Importante aceitar que somos esta mistura de coisas boas e de coisas desprezíveis. Censurar a existência da vaidade em nós é abrir mão da percepção. Toda censura é uma luta contra a percepção. E quando não percebemos, não mudamos. Conveniente, não?

Como a vaidade nos integra, o melhor que fazemos é acolhê-la. Acredito que somente por meio do acolhimento, o entendimento é possível. E assim, vamos descobrir o que a vaidade quer de nós, o que ela busca, o que ela nos diz. Ouvir a voz dela é estabelecer um processo de escuta conosco, imprescindível se quisermos alcançar visões elaboradas sobre a vida.

Quando nos escutamos, automaticamente escutamos e percebemos o outro. Nossa identidade começa a passar por reformulações e nos enxergar passa a ser constante. Nossas lacunas vão sendo preenchidas pelos nossos avanços e pelos frutos dos nossos bastidores descortinados. A vaidade é uma das nossas fragilidades. É preciso coragem para lidar com elas, portanto.

Quero encerrar este texto, mas não a reflexão, com duas provocações de autores fundamentais de nossa literatura.

A primeira é de Tolstói, escritor russo do século XIX, que diz:

“Se queres ser universal, começa por pintar a tua aldeia. ”

Que nossas aldeias internas sejam valorizadas por nós, que tanto nos dizem, mas que não as ouvimos. Se as ouvíssemos, nossa universalidade já teria sido alcançada. Há muito por fazer dentro de nossas casas, em nossas aldeias interiores. E o trabalho está apenas começando.

Pintar as nossas aldeias trará uma nova experiência de um olhar novo para nós mesmos.

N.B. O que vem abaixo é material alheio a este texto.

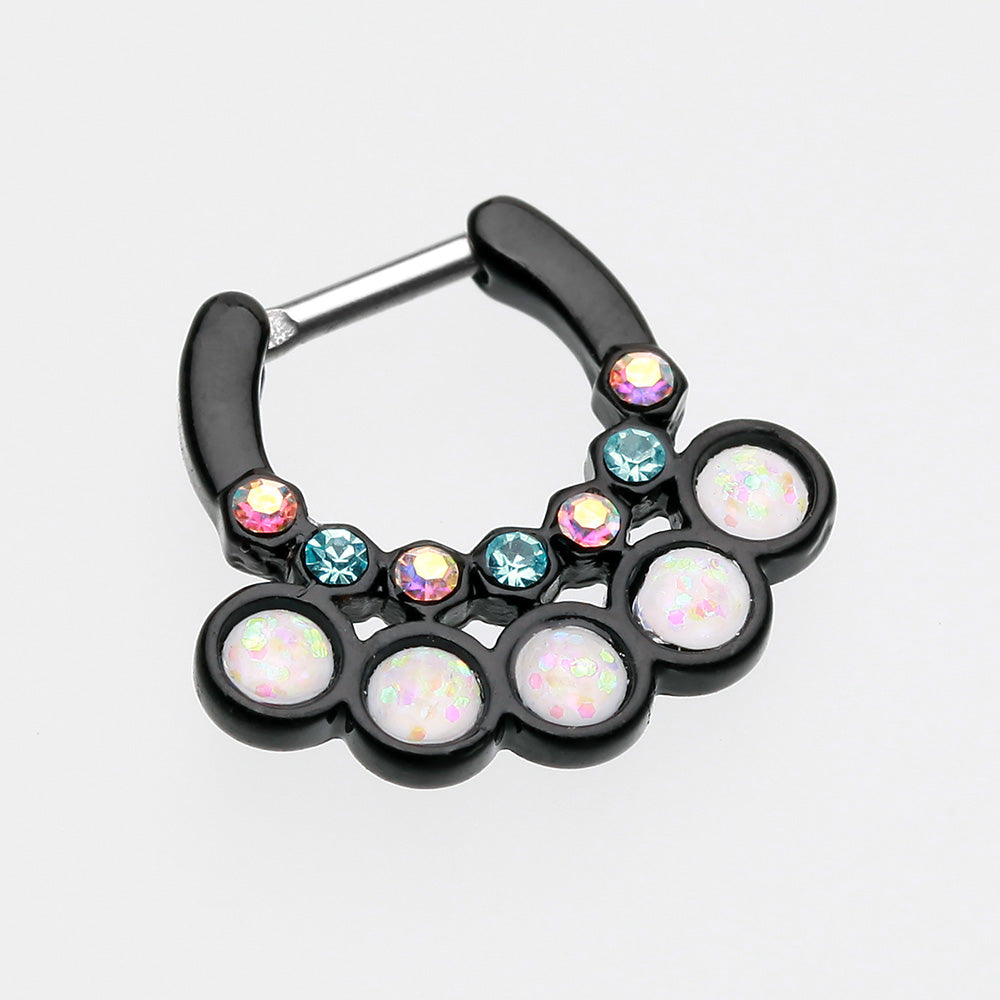Detail View 2 of Colorline Opal Aureole Gemina Septum Clicker-Black/Aurora Borealis/White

Um retorno para nossa aldeia, um lugar que sempre foi nosso. Por excesso de exposição e de vaidades desmedidas, nossas aldeias ficaram apagadas no escuro. Mas as tintas que usaremos na nossa pintura retomarão as luzes que, uma vez acesas, de verdade, nunca mais se apagarão.

E a segunda é de Balzac, escritor francês do século XVIII, que diz:

“Deve-se deixar a vaidade aos que não têm outra coisa para exibir. ”

Que possamos enxergar o que há de nobre em nós e mostrá-lo ao mundo como tentativa de construirmos algo sólido. Se conseguirmos, teremos deixado de viver e de presenciar tentativas disfarçadas de afastar o outro das possibilidades as quais ele tem direito, porque isto é pura vaidade. Ela, a partir deste dia, não fará mais sentido para nós.